- _Materials provided_:
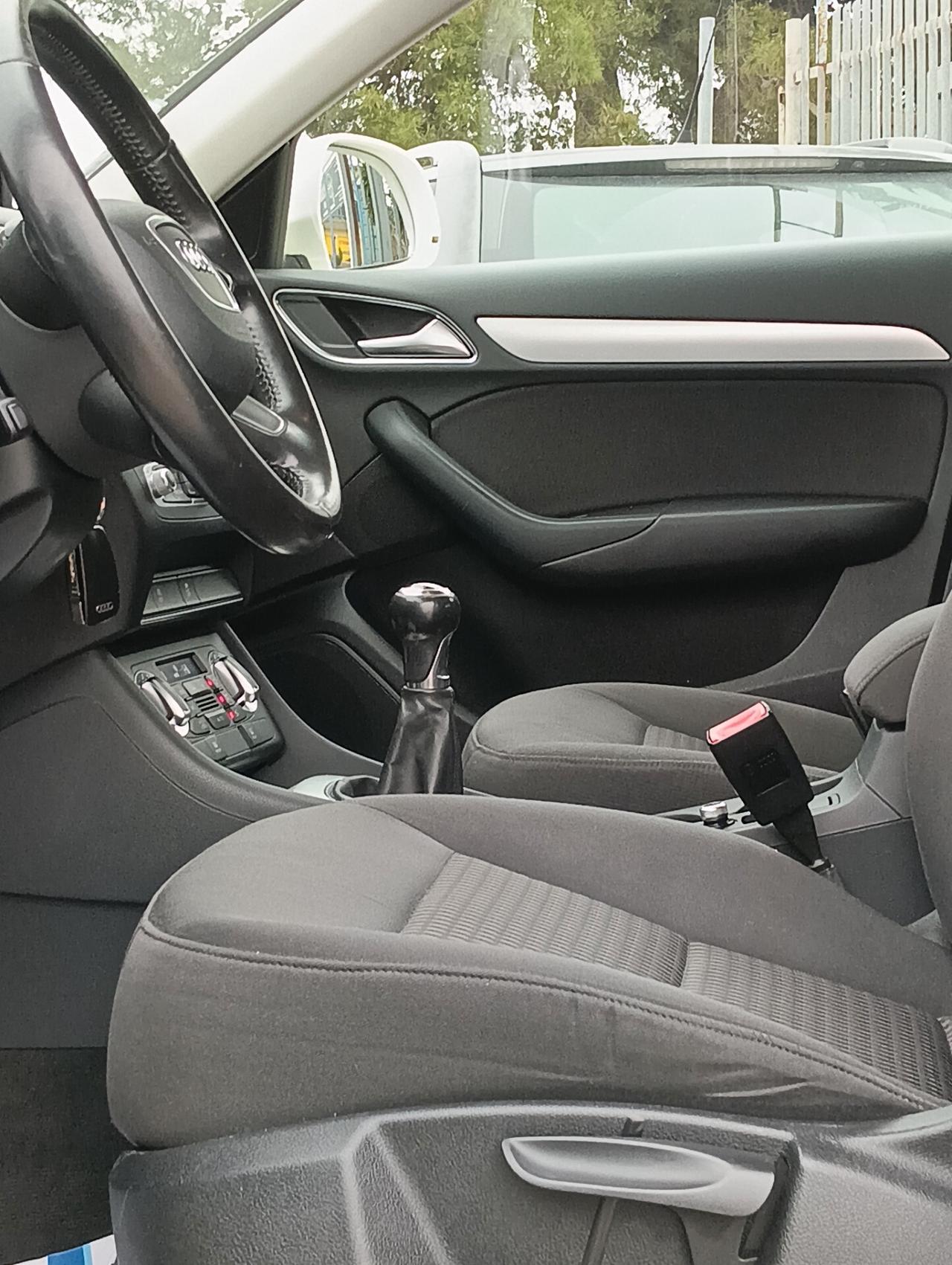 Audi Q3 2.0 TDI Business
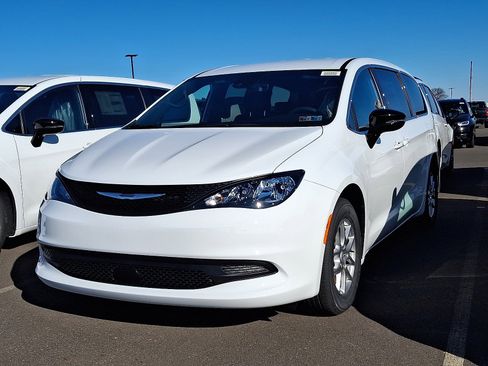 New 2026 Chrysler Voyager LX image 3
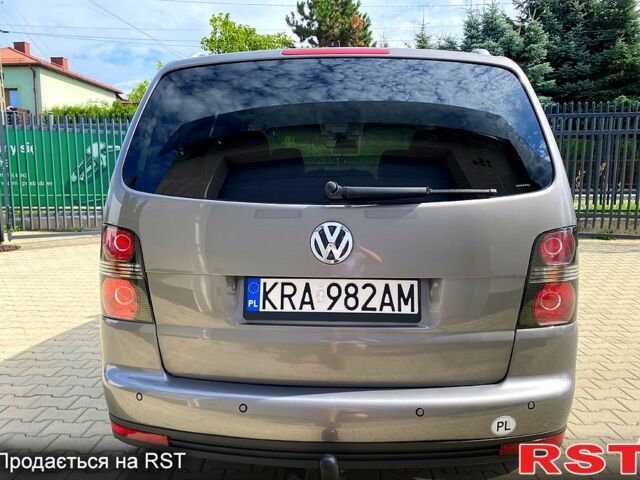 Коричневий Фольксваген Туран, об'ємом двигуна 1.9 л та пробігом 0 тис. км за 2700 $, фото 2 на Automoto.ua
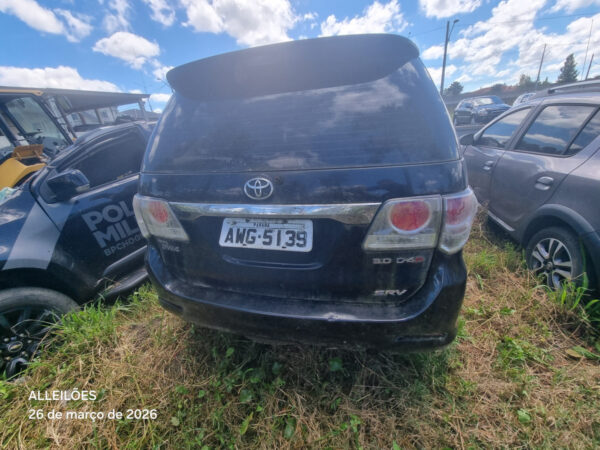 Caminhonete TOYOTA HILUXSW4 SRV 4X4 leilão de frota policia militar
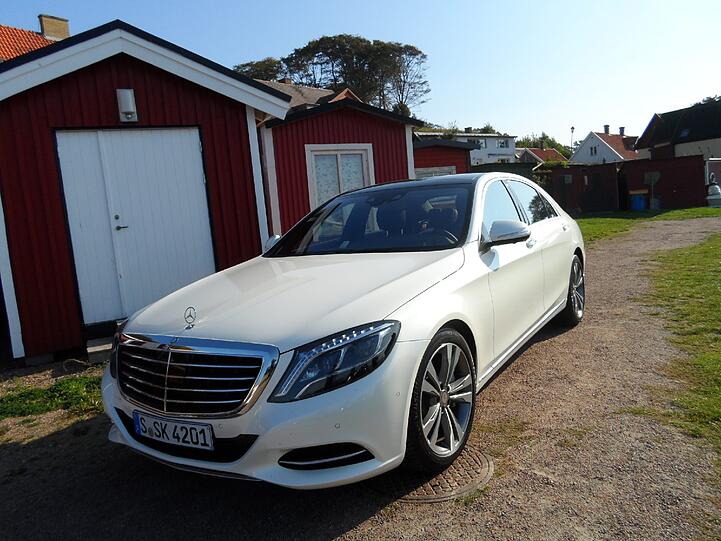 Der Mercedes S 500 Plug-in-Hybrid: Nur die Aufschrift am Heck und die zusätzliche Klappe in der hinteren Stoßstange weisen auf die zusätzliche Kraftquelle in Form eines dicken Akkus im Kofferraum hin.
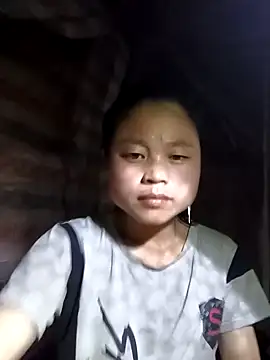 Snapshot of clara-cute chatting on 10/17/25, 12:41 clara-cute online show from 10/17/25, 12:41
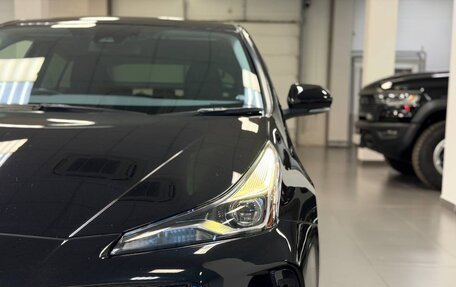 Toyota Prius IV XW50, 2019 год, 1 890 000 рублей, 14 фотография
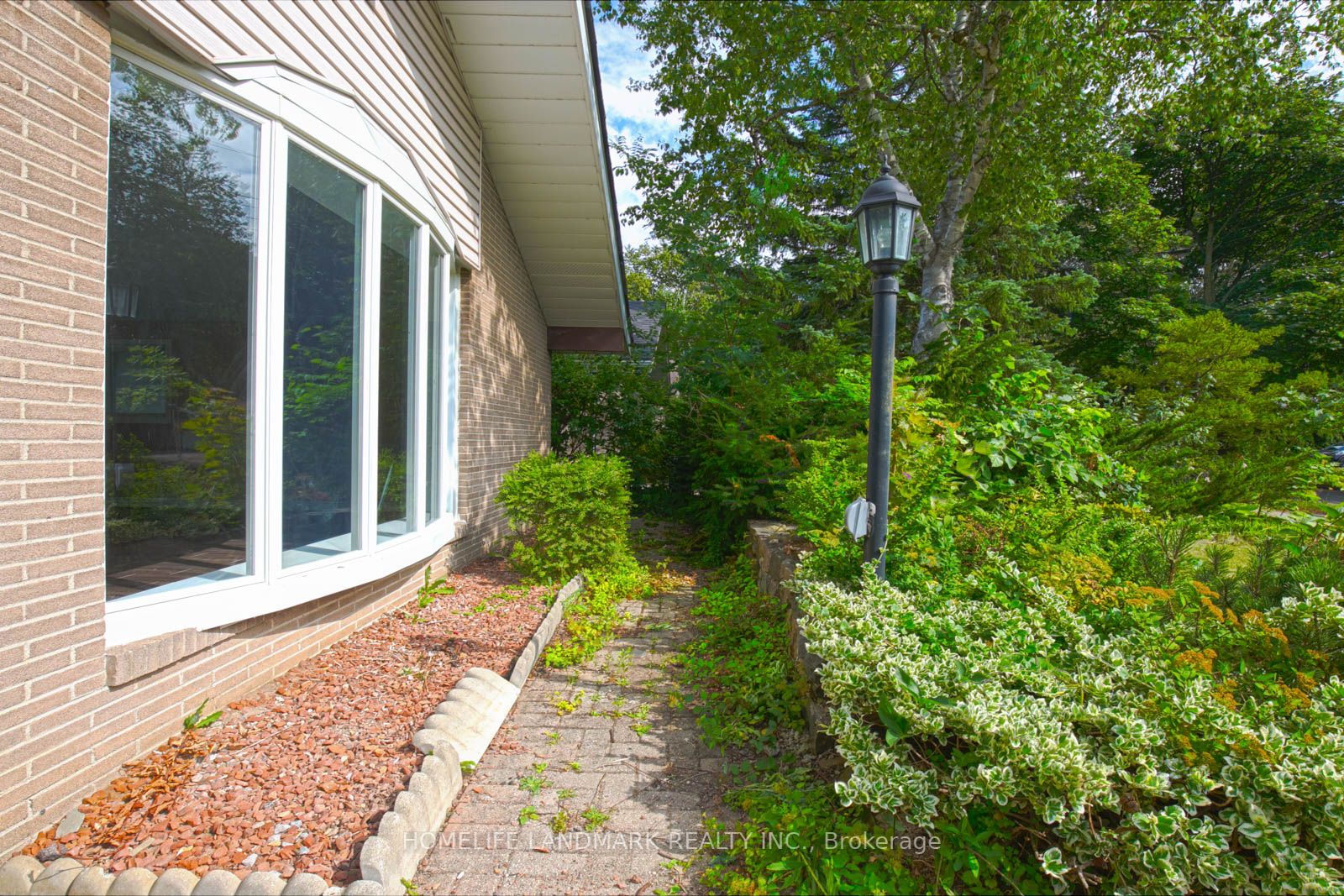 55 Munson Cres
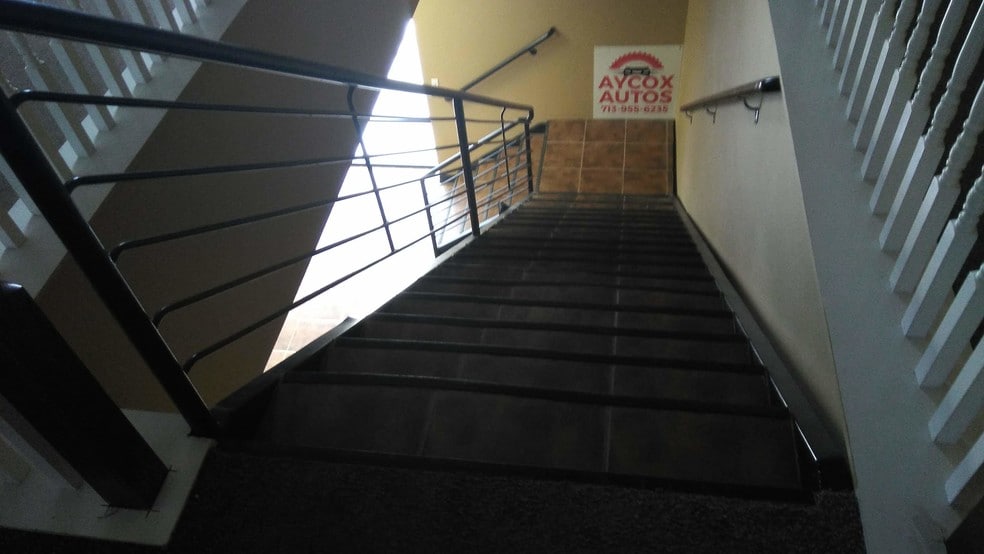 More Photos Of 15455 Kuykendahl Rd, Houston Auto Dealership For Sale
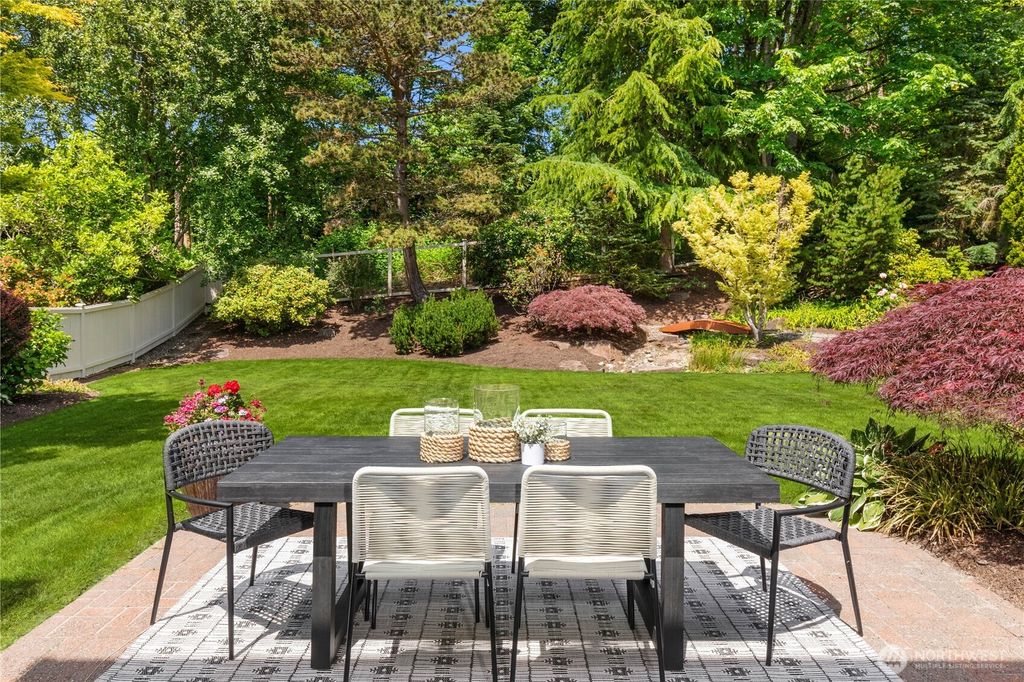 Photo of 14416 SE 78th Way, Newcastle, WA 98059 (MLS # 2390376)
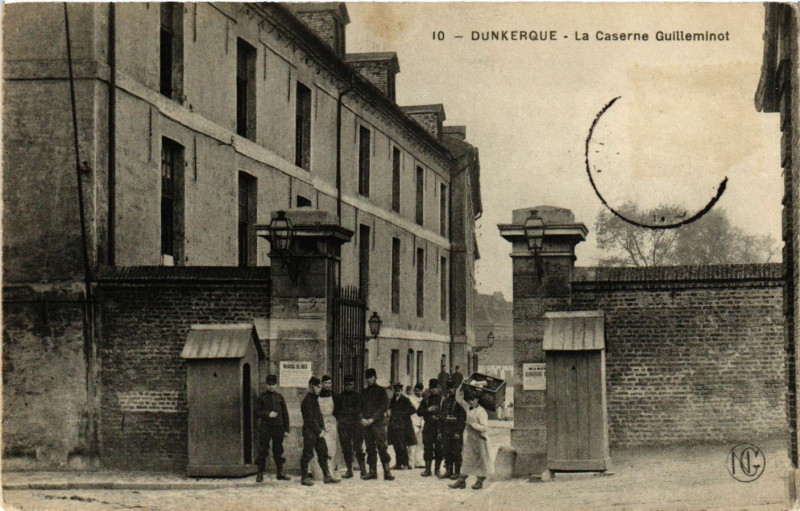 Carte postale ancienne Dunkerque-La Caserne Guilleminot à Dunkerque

- _Directions_: An exact, image-free transcript of the material is required.

- _Exercise response_:
 Audi Q3 2.0 TDI Business
 New 2026 Chrysler Voyager LX image 3
 Коричневий Фольксваген Туран, об'ємом двигуна 1.9 л та пробігом 0 тис. км за 2700 $, фото 2 на Automoto.ua
 Caminhonete TOYOTA HILUXSW4 SRV 4X4 leilão de frota policia militar
 Der Mercedes S 500 Plug-in-Hybrid: Nur die Aufschrift am Heck und die zusätzliche Klappe in der hinteren Stoßstange weisen auf die zusätzliche Kraftquelle in Form eines dicken Akkus im Kofferraum hin.
 Snapshot of clara-cute chatting on 10/17/25, 12:41 clara-cute online show from 10/17/25, 12:41
 Toyota Prius IV XW50, 2019 год, 1 890 000 рублей, 14 фотография
 55 Munson Cres
 More Photos Of 15455 Kuykendahl Rd, Houston Auto Dealership For Sale
 Photo of 14416 SE 78th Way, Newcastle, WA 98059 (MLS # 2390376)
 Carte postale ancienne Dunkerque-La Caserne Guilleminot à Dunkerque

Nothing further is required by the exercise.